石飛さんが、アパレル業界から未知の観光業に飛び込み、Uターンした広島でsokoiko!のツアーを始めたのは2017年のこと。幼い頃から自転車に乗って街を探検することが好きだったことや、前職で日本各地に赴任したからこそ気づいた広島の魅力を、もっと多くの人に伝えたいという熱い思いと共にスタートさせました。
「広島を訪れてくれる観光客の大半は平和記念公園と宮島などの有名な場所だけを見て帰ってしまうのを見て、もったいないなと感じていました。地域にはガイドブックには載っていなくても面白い場所はたくさんあります。そんな場所を地元に詳しいガイドと一緒に自転車で巡ったら楽しいだろうなと思って、“ガイドブックには載っていないゲストとつくるオリジナルな旅”に決めました」。

トリップアドバイザー、世界で1%だけのベストオブベストに

人類初の原子爆弾により焦土と化した広島。75年は草木も生えないだろうと言われていた広島が、ここまで復活した姿を体感してもらうことで、人間の強さや街の復興への努力というポジティブな面も感じてもらいたいとの思いを込めつくり上げたピースツアーは平和公園から出発、電動自転車で巡ります。
「原爆投下の3日後に路面電車が復旧した事実に、みなさん驚かれます。焦土と化した広島の街の中で、広島電鉄の路面電車は女学生さんが車掌となり、わずかな期間で動き出しました。それを見た街の人達が前を向くことができ、復興のスピードが速くなったというエピソードがあります。路面電車は今でも広島の人にとっては特別な存在なのです」。原子爆弾が上空で炸裂した地点や、今なお当時の姿を残している市内に点在する被爆遺構などを巡りながら、地元に伝わるエピソードや、ガイドメンバーの祖父母の体験や言葉などを交えながら伝えていきます。
「戦前や戦中、戦後があって今の広島があります。ピースツアーでは、いろいろな話を交えながら、被爆後の広島と今の広島を比べながら巡ります」。一本の映画をつくるように丁寧につくり上げたツアーは、参加者の心に響き、なかには涙を流す人もいるそうです。

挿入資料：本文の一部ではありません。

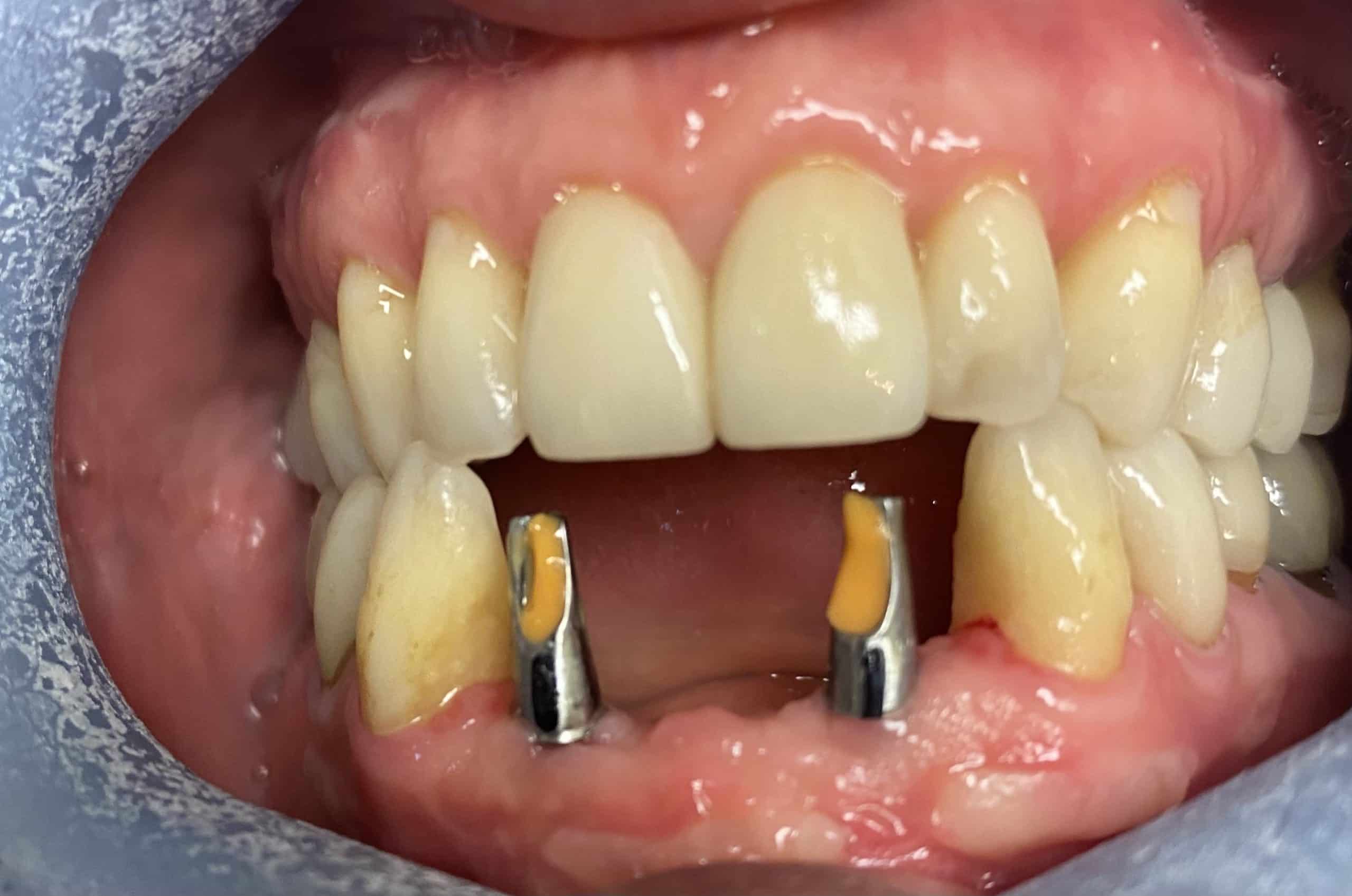 Abutments which are sitting on the Implant.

sokoiko!のピースツアーは、2019年にはトリップアドバイザーのエクセレンス認証を、2020年にはトリップアドバイザー・トラベラーズ・チョイス、2021年には世界の1%だけのトリップアドバイザー・ベスト・オブ・ザ・ベスト・アワードにも選出されています。

のんびりとした島時間追求の中で誕生したOtsukai

広島ピースツアーの参加者が1000人を超えた2019年、ストーリー性があり感動を生むサイクリングツアーの評判が広がり、他の地域からも声が掛かるようになりました。その一つが広島県の離島、江田島でのツアー造成でした。島内にある4つの港いずれからも30分〜60分で広島港へと行くことができ、陸からもアクセスできる江田島は、広島の人々にとっても身近な瀬戸内の島です。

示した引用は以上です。